I really liked this book! I was hesitant at first, not knowing what to expect. The sentences seemed a little simplistic, the details redundant, and the humor a bit corny. But I quickly realized this is not a middle grade novel but one aimed at a slightly younger audience, unusual for a Newbery winner. It’s a wonderful chapter book choice for 7 to 9-year-olds. So I amend my hasty judgments. The sentences are easy for new readers to wade through, the repetition helpful and even funny, and the outlandish plot will tickle any young child’s funny bone. And Richard Lawson’s quirky illustrations provide the icing on the cake. How cool to find such a quality novel for the younger set!
Mr. Popper is a house painter. Unfortunately, come winter, every house in Stillwater has been painted and papered and Mr. Popper is out of work till spring. He’s not too concerned. He’ll just prop his feet up and indulged in his favorite study, that of the North and South Poles. Mrs. Popper, however, fastidious housekeeper that she is, laments having Mr. Popper underfoot messing up her house for so long. And she’s concerned that money might run out. But the unlikely accumulation of twelve penguins sets the family on an entirely different course.

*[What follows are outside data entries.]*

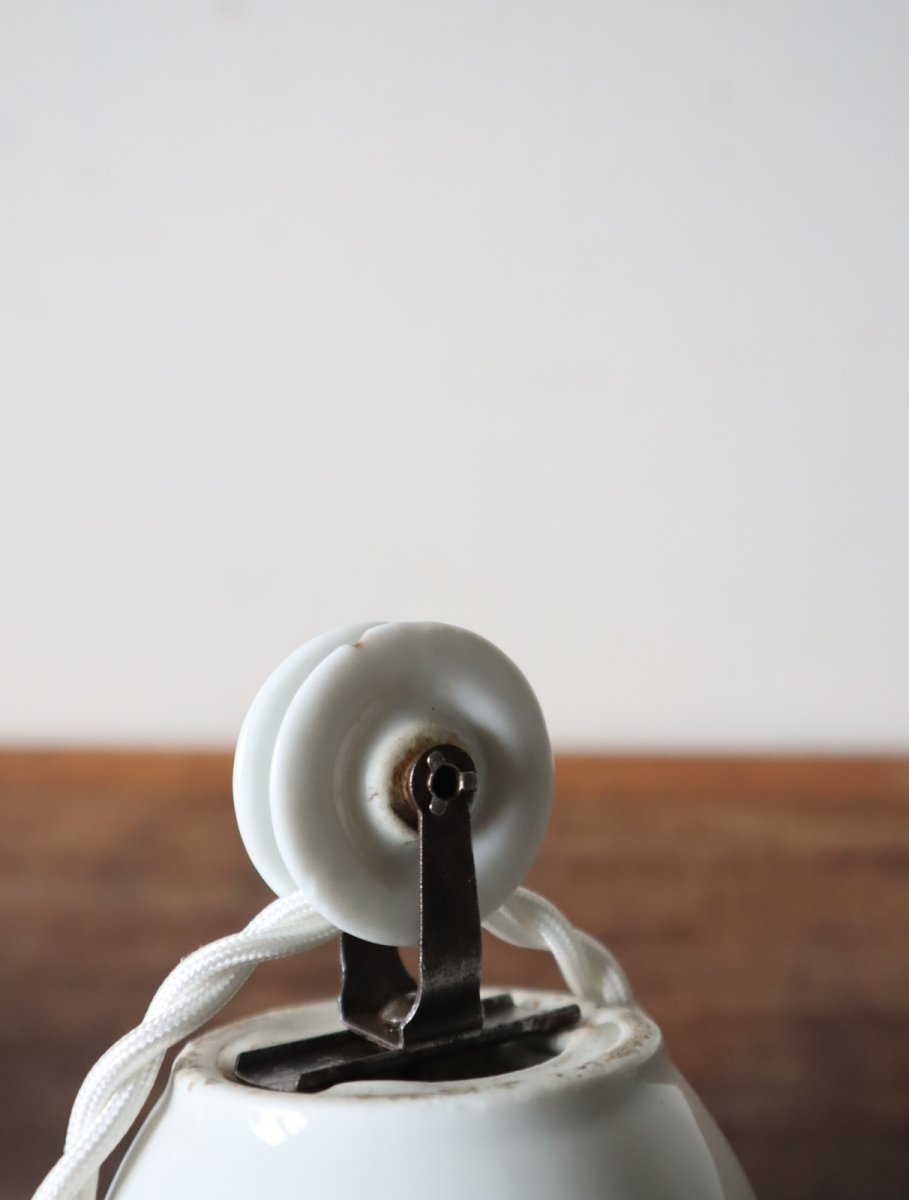 画像29: No.195　ピューター漏斗と滑車のペンダントライト(φ11×h14cm) (29)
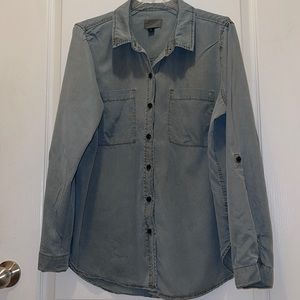 Universal thread women’s long sleeve button up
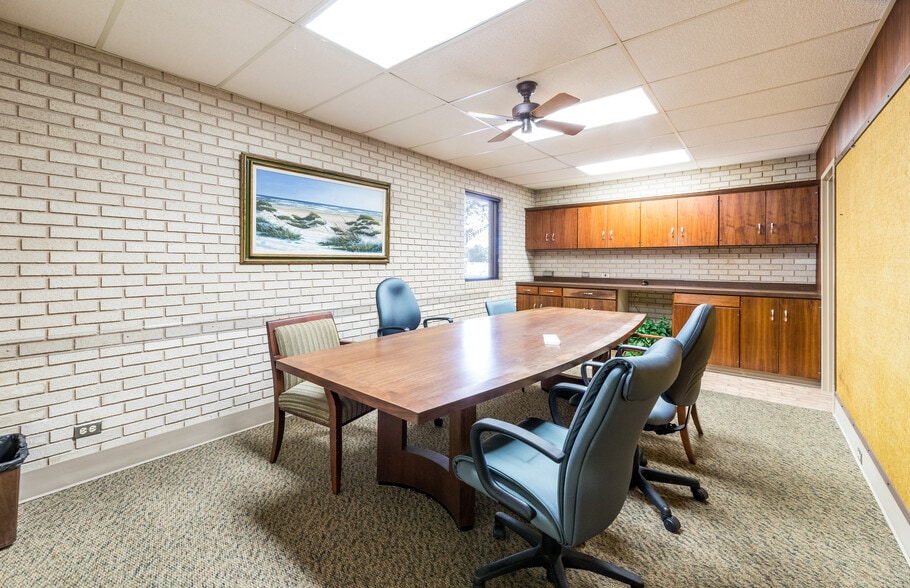 More Photos Of 208 E Houston St, Beeville Office For Sale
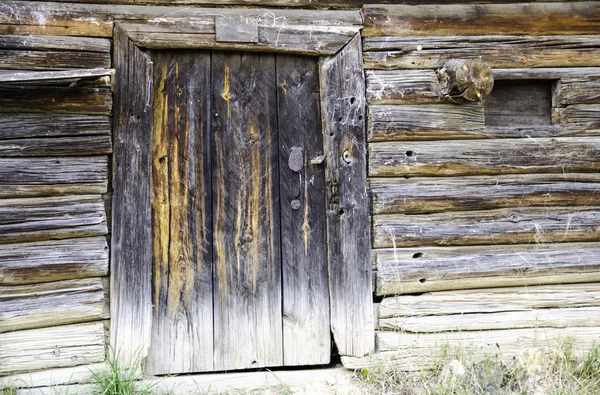 The door to the old wooden barn. — Stock Photo, Image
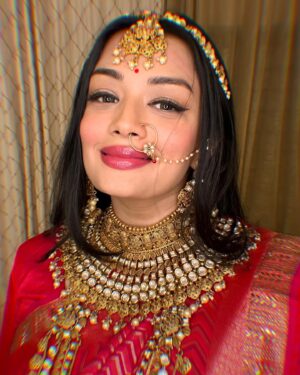 Samiksha Jaiswal Instagram - Thought to share a part of my life which is called auditions. Some pictures that i took out of it. Sometimes we get it sometimes we learn from it. Most of all it’s about the beauty of how amazing it is to portray different characters and perform so differently in each one of them.❤️

#actorslife #audition #clicks #tv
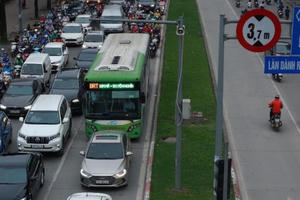 Hà Nội đề xuất thêm phương tiện đi chung làn với buýt BRT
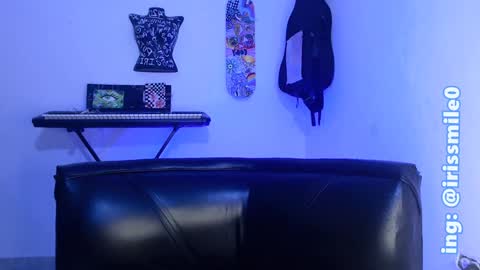 Iris Smile  independent model online show from 01.28.25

Mr. Popper’s Penguins is full of kid-pleasing antics. Mr. Popper drills holes in his fridge so his penguins might nest in his icebox. He takes his newest pet for a walk on a leash while wearing a tuxedo and they both wind up sliding down stairs on their bellies together. He even turns his basement into a frozen tundra so his wife must play the piano with her gloves on. Eventually, Mr. Popper trains his penguins to perform for audiences and takes them on an audience-pleasing tour that earns him five thousand dollars a week.
The book’s seventy year history, rather than render it obsolete, simply adds to its charm. With quaint expressions, droll humor and a matter-of-fact delivery, it’s hard-hitting fun. Consider this hilarious clip, when Mr. Popper is trying to obtain a license for his penguins from City Hall, which has absolutely no ordinances concerning penguins:
…Every time he would explain what he wanted, he would be told to wait a minute, and much later a new voice would ask him what he wanted. This went on for a considerable time. At last a new voice seemed to take a little interest in the case. Pleased with this friendly voice, Mr. Popper began again to tell about Captain Cook.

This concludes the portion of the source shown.